'The Great British Baking Show' Season 7 Episode 5 Recap: Roaring 20s Week
American viewers may not know this, but The Great British Baking Show started partly as a history program. The initial first season (which never aired here in the U.S.) was one-part baking contest, one-part fundraising initiative, and one-part "history of baking." It wasn't just Bread Week because that's what the contestants were baking. The tent was also located at a historical landmark in a city known for its bread, while Sue and Mel (famous for the food history program The Supersizers Go...) visited factories in town that had supplied England's population with bread since the 9th century, 200 years before William the Conqueror.
By the time the show reached the U.S., these had reduced to a single five-minute segment, which PBS edited out, airing it as bonus footage at the end of the program. When the show moved to Channel 4, Sue and Mel walked, and those segments left with them.

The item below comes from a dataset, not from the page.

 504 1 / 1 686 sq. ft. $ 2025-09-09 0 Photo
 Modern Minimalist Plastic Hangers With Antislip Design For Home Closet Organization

But by then, the show had a new way to fold in baking history, after the wild success of "Victorian Week" in Season 6 (Season 3 for us). Welcome to the Roaring 20s, GBBO's tribute to Downton Abbey.
(The show never mentions Downton, but the timing of the episode coinciding with the movie's release isn't an accident. Especially since before this, Historical Baking Week always fell just before the Quarter Finals or was the Quarter Final, while this is far earlier, when bakers who will not be able to manage are still here.)